Weiße Johannisbeeren – Milde Beeren mit feinem Aroma

Die weißen Johannisbeeren (Ribes rubrum var. alba) sind eine helle Varietät der roten Johannisbeere. Sie sind weniger bekannt als ihre roten und schwarzen Verwandten, überzeugen aber durch ihren milden, süßlichen Geschmack und ihre dekorative Optik. Aufgrund ihres hohen Gehalts an Vitaminen und Mineralstoffen gelten sie als gesunde Naschfrüchte, die auch für empfindliche Gaumen gut geeignet sind.


Herkunft und Verbreitung

Weiße Johannisbeeren stammen – wie die roten – ursprünglich aus Europa und Westasien. Sie entstanden durch eine Zuchtselektion der roten Johannisbeere, bei der der Farbstoff (Anthocyane) weitgehend fehlt.

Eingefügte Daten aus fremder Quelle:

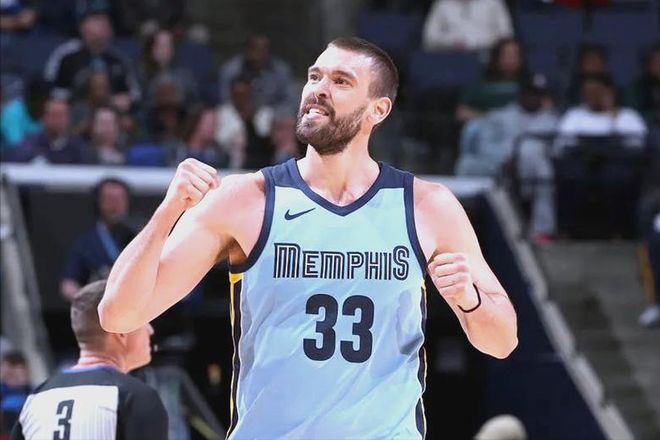 手紧逼时保 手紧逼时保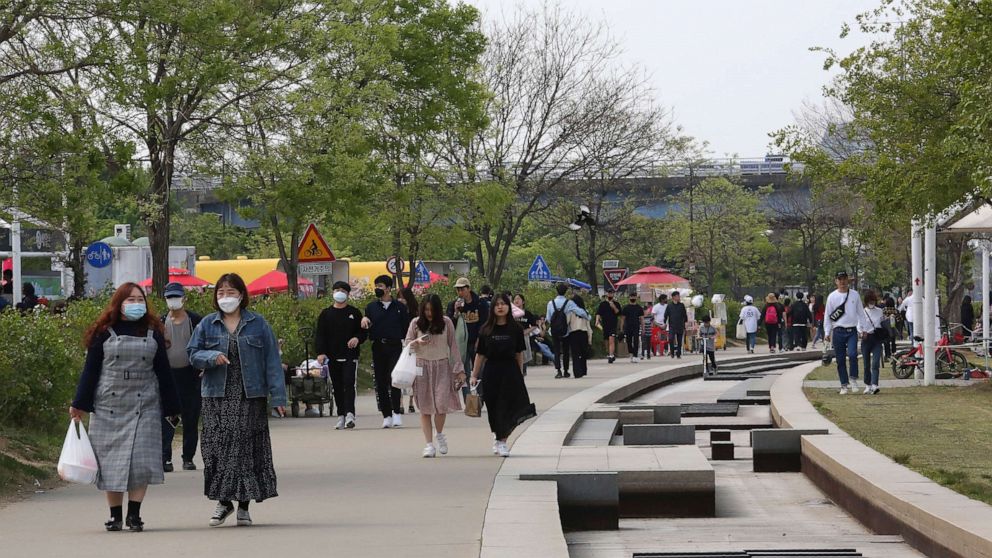 PHOTO: People visit a public park along the Han River in Seoul, South Korea, on April 30, 2020. South Korea on April 30 reported no new locally transmitted cases of COVID-19 for the first time since February.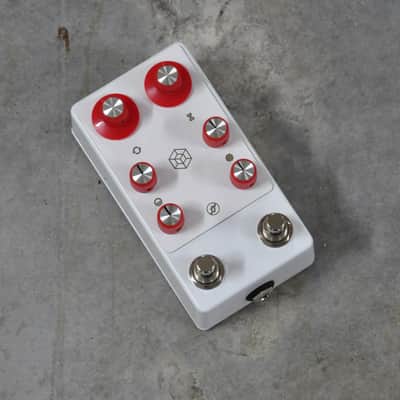 Fjord Fuzz LOKE 2023 - Present - White / Red image 2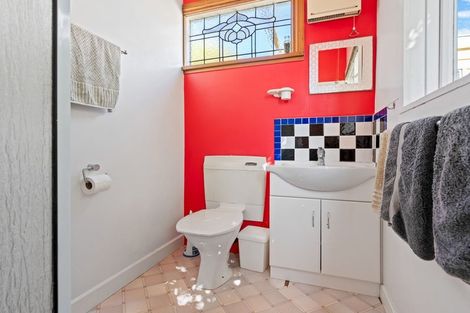 Photo of property in 1 Nicholas Street, Portobello, Dunedin, 9014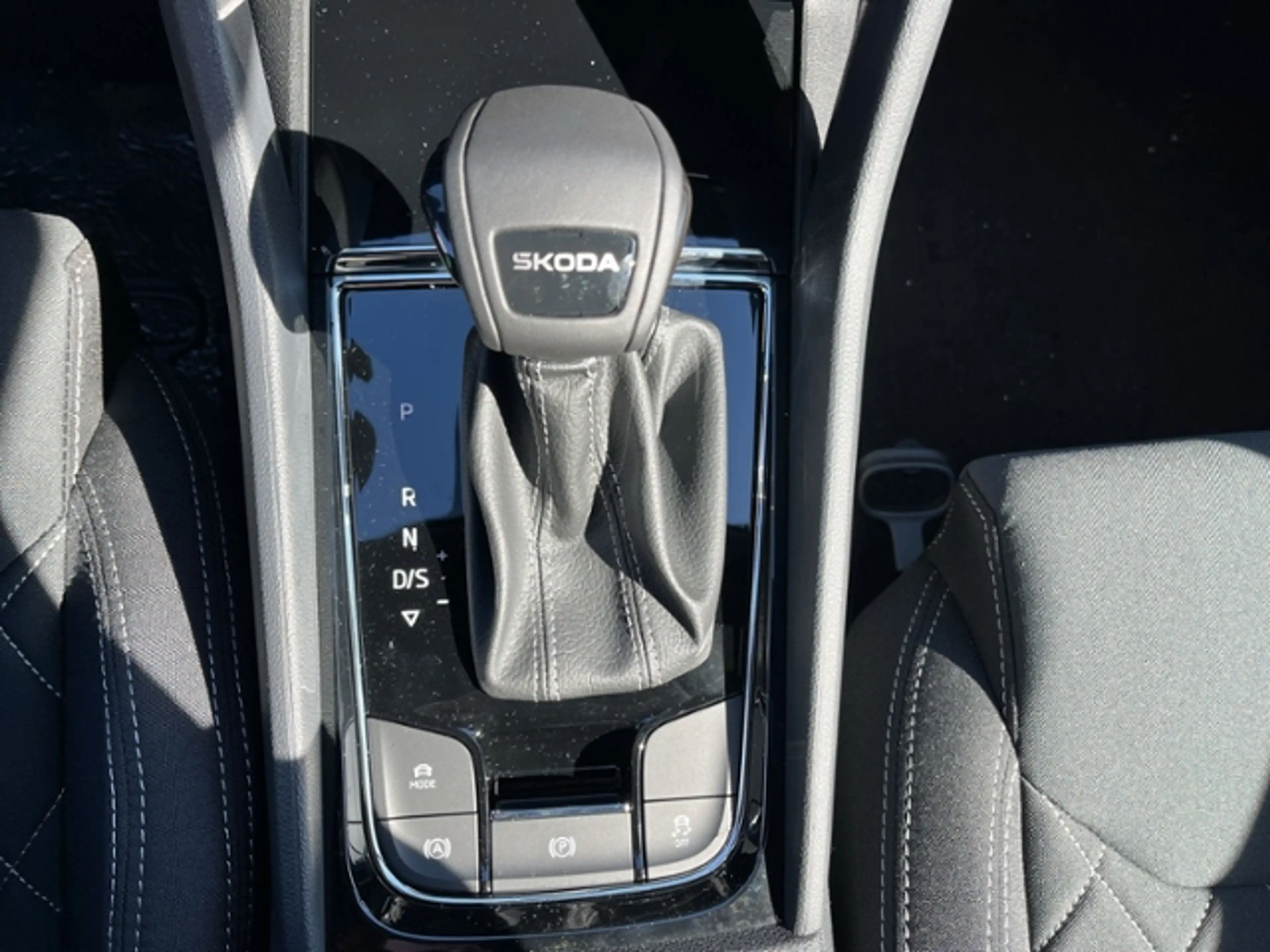 Skoda Karoq Sportline 1,5TSI 150PS DSG NAVI ACC AHK DCC — photo 13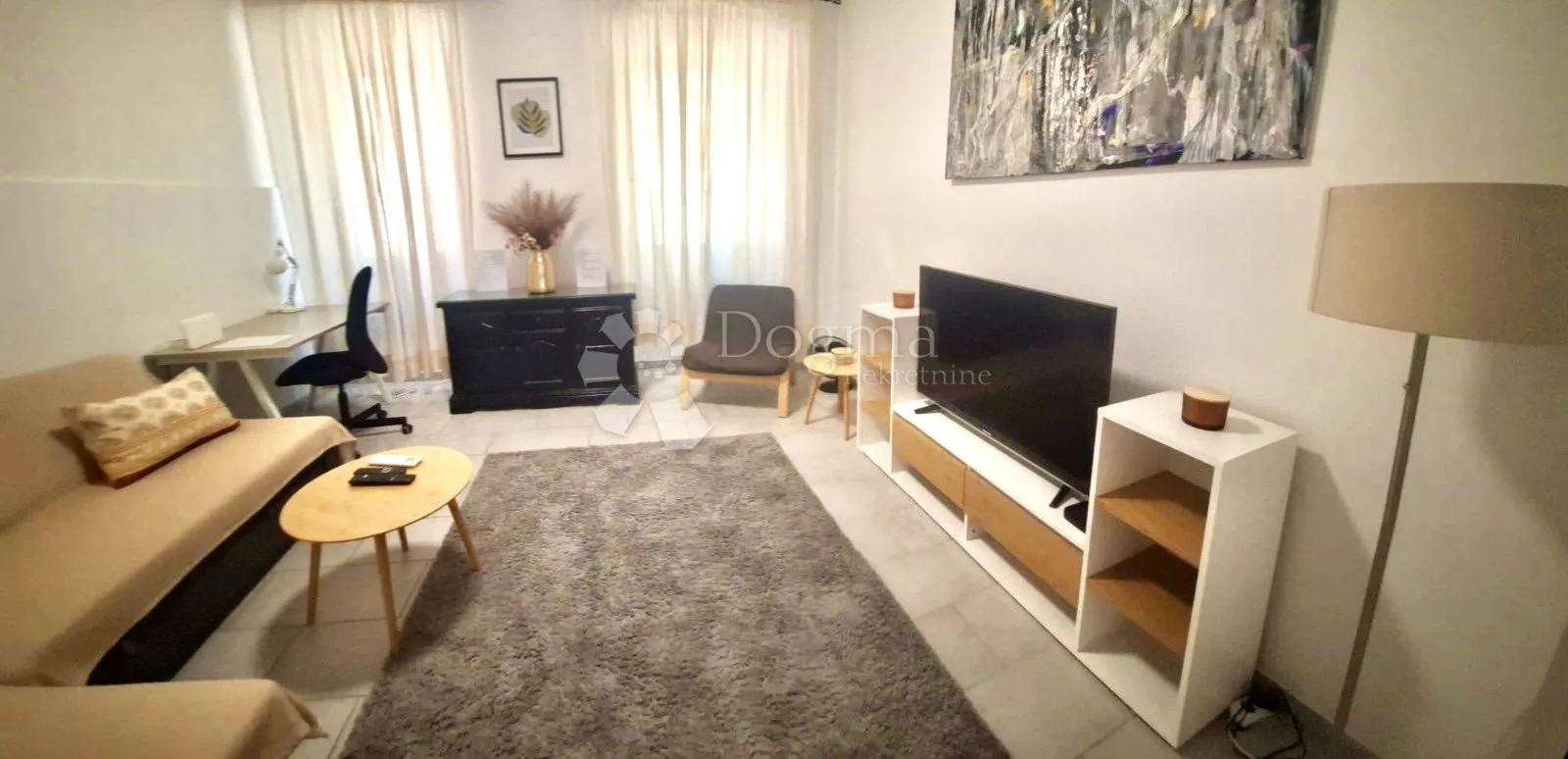 šarmatan stan u centru pule - slika 2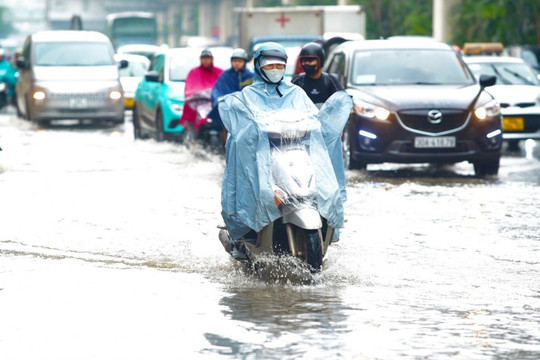Thủ tướng chỉ đạo tập trung ứng phó bão số 5, bảo đảm an toàn tính mạng Nhân dân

Heute werden sie vor allem in Hausgärten kultiviert und sind seltener im kommerziellen Anbau vertreten. Besonders in:

  • Mitteleuropa (Deutschland, Österreich, Schweiz)

  • Skandinavien

  • Osteuropa

werden weiße Johannisbeeren als robuste Gartenpflanzen geschätzt.


Merkmale der Pflanze und Frucht

  • Strauch: 1–1,5 m hoch, pflegeleicht, winterhart.

  • Blätter: handförmig, gezackt, typisch für Johannisbeeren.

  • Blüten: unscheinbar, gelblich-grün.

  • Früchte: kleine, durchscheinende Beeren in langen Trauben, cremeweiß bis hellgelb, manchmal mit leichtem Rosaschimmer.

  • Geschmack: mild, süßlich, weniger sauer als rote Johannisbeeren.

  • Erntezeit: Juni bis Juli.


Nährstoffe und gesundheitliche Vorteile

Weiße Johannisbeeren sind nicht nur dekorativ, sondern auch gesund:

  • Vitamine: reich an Vitamin C (weniger als schwarze, aber ähnlich wie rote Sorten), außerdem Vitamin A, K und B-Vitamine.

  • Mineralstoffe: Kalium, Eisen, Magnesium, Kalzium.

  • Ballaststoffe: gut für die Verdauung.

  • Antioxidantien: enthalten zwar weniger Anthocyane, aber dennoch wertvolle Polyphenole.

  • Pektin: fördert die Verdauung und wirkt cholesterinsenkend.

Gesundheitliche Wirkungen:

  • Stärkung des Immunsystems durch Vitamin C.

  • Schonend für empfindliche Mägen wegen des milden Säuregehalts.

  • Verdauungsfördernd durch Ballaststoffe und Pektin.

  • Zellschutz durch Antioxidantien.

  • Mineralstoffquelle für Knochen und Blutbildung.


Verwendung in der Küche

Weiße Johannisbeeren sind vielseitig, auch wenn sie seltener in Rezepten genannt werden:

  • Frisch: als Snack direkt vom Strauch, auch für Kinder geeignet.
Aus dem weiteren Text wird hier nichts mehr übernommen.